Не оспаривая чаадаевского заявления о печальном равнодушии общества в отношении веры, Пушкин даже склонен к идеализации православного духовенства, будто бы совершенно чуждого в нравственном плане «низостей папизма»┘ По Пушкину, заслуги Православной церкви – веский довод в пользу значительности и целесообразности русской национальной истории. Словом, Пушкин признает известную провиденциальность судьбы русского, российского элемента человечества – и благость православия: самого по себе, так сказать – онтологически, и для процветания России. Все это, как видно, вроде бы порознь. Никакой мысли о грядущем спасении русским (или даже общеславянским) православием исчерпавшей свои силы и погрязшей в противоречиях Европы у Пушкина – одновременно и патриота и европейца – нет, во всяком случае, она не выражена даже в сколько-нибудь внятном намеке.
С «всебратством» Пушкин рассчитался мимоходом, вспоминая мечтания былого собрата – ныне врага – Мицкевича о временах, «Когда народы, распри позабыв,/ В великую семью соединятся».
Пушкину такие грезы симпатичны, конечно, но и только – как некогда романтические иллюзии «вечного мира». Пушкин последнего десятилетия жизни менее всего был социально-политическим мечтателем. Вопреки утверждениям Достоевского принцип «всепримиримости» в исторической мысли реального Пушкина означал лишь сословно монархическую, нравственно усовершенствованную иерархию; а принцип славянской «всецелости» был достаточно четко и великодержавно сформулирован в отповеди «клеветникам России» по поводу польского мятежа. Но повторяю: пушкинская линия не стала магистральной для нашей культуры.
– Виталий Дмитриевич, вы сказали, что работаете над новой книгой. Она тоже о Пушкине?

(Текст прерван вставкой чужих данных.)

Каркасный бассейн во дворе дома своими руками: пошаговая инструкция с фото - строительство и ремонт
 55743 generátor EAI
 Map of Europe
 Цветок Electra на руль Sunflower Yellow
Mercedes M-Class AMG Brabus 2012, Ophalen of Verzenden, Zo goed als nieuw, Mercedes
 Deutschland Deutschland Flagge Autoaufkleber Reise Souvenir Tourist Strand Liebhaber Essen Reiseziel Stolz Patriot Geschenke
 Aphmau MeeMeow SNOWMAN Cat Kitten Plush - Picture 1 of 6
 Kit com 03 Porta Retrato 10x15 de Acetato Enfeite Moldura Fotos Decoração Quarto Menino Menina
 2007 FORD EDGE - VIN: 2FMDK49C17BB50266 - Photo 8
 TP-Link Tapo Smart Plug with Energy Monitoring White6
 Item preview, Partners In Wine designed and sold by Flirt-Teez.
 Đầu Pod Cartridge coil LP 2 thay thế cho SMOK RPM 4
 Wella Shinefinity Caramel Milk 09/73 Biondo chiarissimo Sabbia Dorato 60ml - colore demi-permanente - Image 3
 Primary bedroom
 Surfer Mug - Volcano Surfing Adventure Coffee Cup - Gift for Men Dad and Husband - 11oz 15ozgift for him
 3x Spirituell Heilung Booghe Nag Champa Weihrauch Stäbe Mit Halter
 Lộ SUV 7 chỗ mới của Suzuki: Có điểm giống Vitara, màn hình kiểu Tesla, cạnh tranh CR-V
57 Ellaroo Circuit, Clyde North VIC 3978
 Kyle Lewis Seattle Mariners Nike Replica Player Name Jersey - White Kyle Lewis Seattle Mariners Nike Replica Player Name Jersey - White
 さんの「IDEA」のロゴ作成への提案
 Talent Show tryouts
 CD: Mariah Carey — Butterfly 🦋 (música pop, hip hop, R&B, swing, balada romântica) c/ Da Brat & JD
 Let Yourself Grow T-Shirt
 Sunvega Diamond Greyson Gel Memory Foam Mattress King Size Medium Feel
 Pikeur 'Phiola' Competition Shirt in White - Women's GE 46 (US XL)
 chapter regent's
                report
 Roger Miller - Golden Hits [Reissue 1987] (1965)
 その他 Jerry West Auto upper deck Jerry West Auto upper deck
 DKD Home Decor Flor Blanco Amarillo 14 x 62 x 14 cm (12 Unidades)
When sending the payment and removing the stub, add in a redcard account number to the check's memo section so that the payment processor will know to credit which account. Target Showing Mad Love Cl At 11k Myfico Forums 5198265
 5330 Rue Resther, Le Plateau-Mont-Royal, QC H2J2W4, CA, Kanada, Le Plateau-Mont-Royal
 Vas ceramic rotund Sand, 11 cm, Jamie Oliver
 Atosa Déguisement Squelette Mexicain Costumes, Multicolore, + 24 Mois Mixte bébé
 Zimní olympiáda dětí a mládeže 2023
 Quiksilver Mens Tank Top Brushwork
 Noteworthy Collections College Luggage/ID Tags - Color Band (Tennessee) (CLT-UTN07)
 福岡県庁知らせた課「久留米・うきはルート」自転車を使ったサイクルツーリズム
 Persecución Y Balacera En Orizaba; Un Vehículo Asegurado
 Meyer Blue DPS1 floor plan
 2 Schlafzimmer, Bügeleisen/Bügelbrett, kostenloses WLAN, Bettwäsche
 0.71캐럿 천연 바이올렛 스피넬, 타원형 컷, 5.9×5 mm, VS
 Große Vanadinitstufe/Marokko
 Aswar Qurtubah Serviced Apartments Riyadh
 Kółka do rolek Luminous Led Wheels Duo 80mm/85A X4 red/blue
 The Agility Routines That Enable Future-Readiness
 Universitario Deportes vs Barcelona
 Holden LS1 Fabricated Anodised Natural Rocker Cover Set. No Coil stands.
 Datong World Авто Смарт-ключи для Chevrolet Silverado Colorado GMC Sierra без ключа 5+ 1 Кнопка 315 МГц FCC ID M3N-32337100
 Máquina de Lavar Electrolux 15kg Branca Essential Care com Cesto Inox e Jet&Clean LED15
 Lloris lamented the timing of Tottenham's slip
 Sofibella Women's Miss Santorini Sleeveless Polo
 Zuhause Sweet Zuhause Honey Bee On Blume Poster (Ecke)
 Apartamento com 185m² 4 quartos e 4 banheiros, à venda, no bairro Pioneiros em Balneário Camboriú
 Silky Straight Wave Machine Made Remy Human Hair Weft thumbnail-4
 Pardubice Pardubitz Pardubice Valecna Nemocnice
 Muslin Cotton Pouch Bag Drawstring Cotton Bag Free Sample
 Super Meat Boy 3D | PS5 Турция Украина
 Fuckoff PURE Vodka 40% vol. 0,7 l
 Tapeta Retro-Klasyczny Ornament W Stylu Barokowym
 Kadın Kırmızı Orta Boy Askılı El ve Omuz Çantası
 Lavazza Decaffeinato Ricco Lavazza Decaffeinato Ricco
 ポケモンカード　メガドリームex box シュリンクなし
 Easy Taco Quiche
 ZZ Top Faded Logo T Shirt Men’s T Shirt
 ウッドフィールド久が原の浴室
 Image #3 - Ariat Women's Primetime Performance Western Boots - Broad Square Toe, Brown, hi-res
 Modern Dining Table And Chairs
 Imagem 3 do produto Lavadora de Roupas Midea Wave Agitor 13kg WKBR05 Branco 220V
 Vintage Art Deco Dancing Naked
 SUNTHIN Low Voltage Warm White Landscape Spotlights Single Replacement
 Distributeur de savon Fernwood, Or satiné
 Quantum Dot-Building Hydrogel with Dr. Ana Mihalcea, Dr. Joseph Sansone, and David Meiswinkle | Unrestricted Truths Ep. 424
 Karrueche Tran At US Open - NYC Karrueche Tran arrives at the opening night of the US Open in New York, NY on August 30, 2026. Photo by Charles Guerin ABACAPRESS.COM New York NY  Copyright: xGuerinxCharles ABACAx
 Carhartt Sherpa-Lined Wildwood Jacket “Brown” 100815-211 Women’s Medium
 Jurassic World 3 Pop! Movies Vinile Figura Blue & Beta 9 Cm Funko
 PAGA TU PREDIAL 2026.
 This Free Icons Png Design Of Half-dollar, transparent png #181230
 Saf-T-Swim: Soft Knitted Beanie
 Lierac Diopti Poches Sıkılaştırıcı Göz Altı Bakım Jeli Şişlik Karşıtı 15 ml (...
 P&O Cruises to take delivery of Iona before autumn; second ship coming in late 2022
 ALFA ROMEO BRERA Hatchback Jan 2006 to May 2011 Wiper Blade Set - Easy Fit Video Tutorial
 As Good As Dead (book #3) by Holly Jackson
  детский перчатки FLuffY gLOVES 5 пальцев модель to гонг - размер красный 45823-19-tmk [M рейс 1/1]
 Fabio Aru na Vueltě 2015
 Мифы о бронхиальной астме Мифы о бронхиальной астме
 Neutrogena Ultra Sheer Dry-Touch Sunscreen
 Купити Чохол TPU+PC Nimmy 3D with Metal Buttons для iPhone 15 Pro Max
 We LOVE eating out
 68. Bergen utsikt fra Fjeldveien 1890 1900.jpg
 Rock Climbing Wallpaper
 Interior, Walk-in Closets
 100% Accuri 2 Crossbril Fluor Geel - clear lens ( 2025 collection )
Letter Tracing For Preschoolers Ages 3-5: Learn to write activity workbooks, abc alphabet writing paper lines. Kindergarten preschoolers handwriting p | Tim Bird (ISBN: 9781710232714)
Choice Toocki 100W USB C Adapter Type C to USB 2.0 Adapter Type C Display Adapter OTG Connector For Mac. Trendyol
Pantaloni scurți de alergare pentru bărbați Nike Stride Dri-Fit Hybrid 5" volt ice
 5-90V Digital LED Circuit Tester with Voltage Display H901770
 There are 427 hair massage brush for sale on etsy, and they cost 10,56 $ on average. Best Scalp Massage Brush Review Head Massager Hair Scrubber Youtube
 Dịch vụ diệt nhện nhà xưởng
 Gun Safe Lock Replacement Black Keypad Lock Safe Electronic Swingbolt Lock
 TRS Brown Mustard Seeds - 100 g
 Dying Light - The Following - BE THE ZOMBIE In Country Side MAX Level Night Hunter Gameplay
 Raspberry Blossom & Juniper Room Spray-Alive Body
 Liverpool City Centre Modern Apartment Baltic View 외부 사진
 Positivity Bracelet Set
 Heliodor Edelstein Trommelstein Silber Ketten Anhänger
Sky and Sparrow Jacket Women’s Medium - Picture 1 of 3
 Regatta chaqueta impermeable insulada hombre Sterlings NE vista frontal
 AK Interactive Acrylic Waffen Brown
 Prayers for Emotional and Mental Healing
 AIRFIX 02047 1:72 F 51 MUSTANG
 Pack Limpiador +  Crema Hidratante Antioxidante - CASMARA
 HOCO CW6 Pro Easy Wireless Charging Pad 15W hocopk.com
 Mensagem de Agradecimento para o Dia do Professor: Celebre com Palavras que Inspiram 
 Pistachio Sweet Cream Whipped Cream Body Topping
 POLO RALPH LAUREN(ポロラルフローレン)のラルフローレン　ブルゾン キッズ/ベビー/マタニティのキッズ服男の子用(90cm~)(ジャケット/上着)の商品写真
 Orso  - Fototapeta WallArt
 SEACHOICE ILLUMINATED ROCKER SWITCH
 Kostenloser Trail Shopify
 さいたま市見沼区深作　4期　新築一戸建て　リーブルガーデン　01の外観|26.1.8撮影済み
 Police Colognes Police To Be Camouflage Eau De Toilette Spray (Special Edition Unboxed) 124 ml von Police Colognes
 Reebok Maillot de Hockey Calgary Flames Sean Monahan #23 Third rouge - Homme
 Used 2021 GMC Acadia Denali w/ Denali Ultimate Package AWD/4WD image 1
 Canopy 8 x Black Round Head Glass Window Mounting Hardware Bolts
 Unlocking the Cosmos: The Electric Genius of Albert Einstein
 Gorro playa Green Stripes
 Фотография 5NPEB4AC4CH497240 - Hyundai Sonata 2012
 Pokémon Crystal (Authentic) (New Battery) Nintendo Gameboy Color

– Скажем так – и о Пушкине тоже. Книга посвящена русской патриотической поэзии. Предмет нынче не модный. Мне хотелось бы донести до современного читателя, особенно юного, понимание подлинного патриотизма, лишенного идеологических догм, но вместе с тем укорененного в национальной традиции. А для этого поэзия – лучшее подспорье.